◆ Task
Omitting all pictures, copy word for word the lines from the line containing "Vintage Sea World" through the final line of the entries.

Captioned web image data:
****************
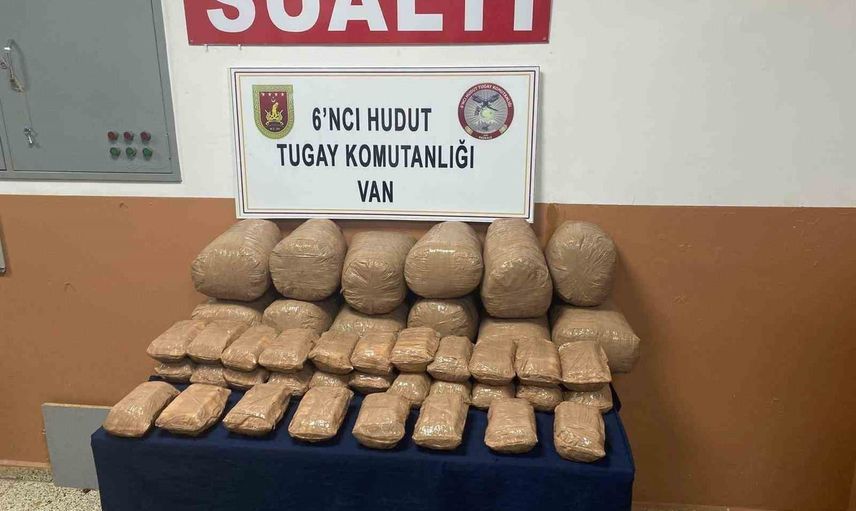 Van hudut hattında yürütülen aramada 516 bin 727 gram uyuşturucu bulundu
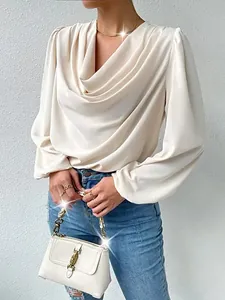 Detail van de elegante ivoren chiffon blouse met een gedrapeerde watervalhals.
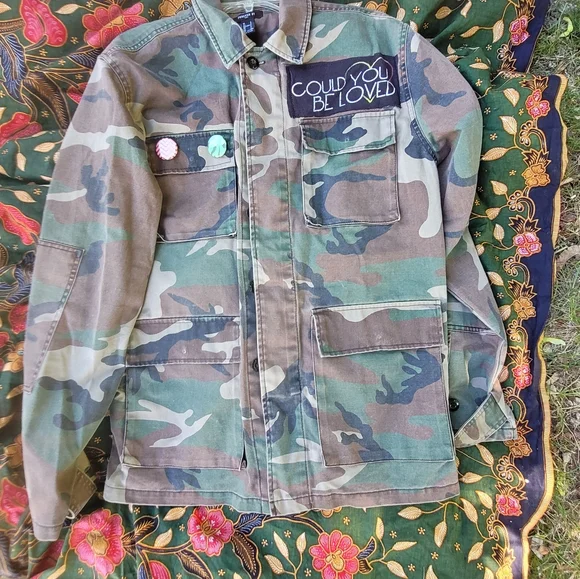 Upcycled bob marley army jacket - Picture 2 of 2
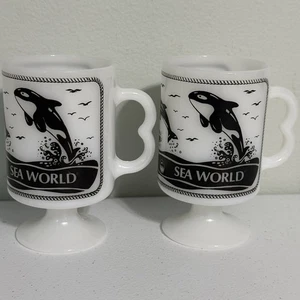 Vintage Sea World Shamu & Delphine Standbecher Milchglas Kaffee 2 Stück neuwertig - Bild 1 von 10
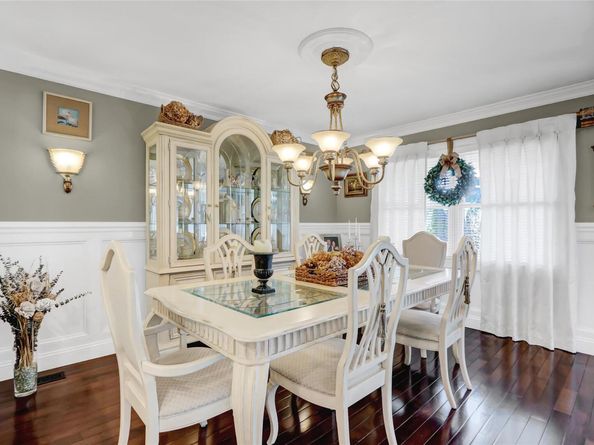 29 Dyke Road, Setauket NY 11733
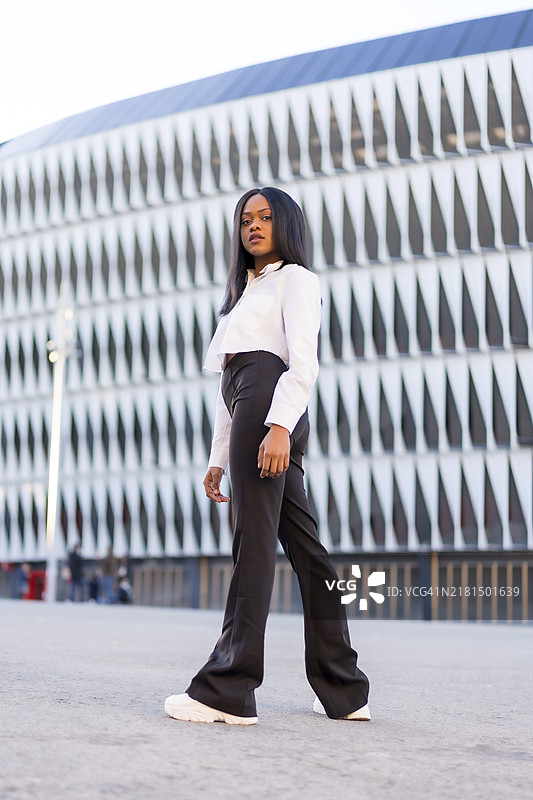 摆姿势的非裔美国女人，时尚摄影，竖版照片图片素材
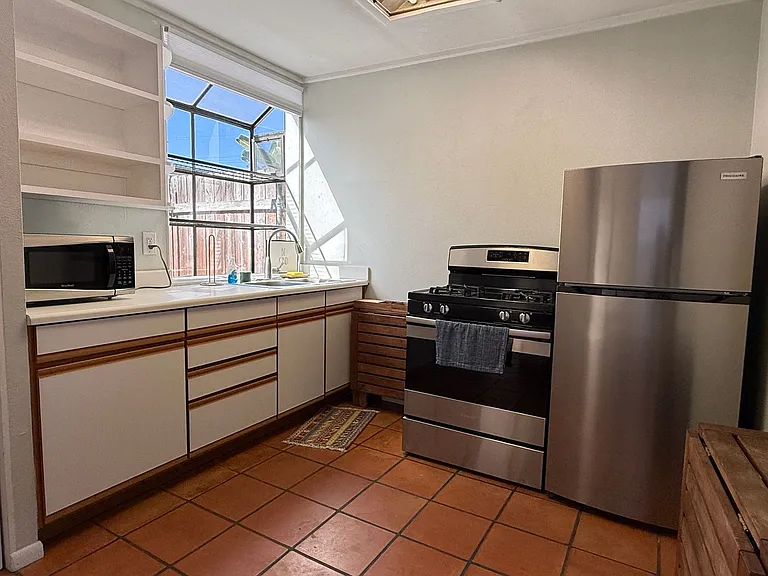 4464 1/2 Figueroa Blvd — Photo 9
****************
◆ Task answer
 Vintage Sea World Shamu & Delphine Standbecher Milchglas Kaffee 2 Stück neuwertig - Bild 1 von 10
 29 Dyke Road, Setauket NY 11733
 摆姿势的非裔美国女人，时尚摄影，竖版照片图片素材
 4464 1/2 Figueroa Blvd — Photo 9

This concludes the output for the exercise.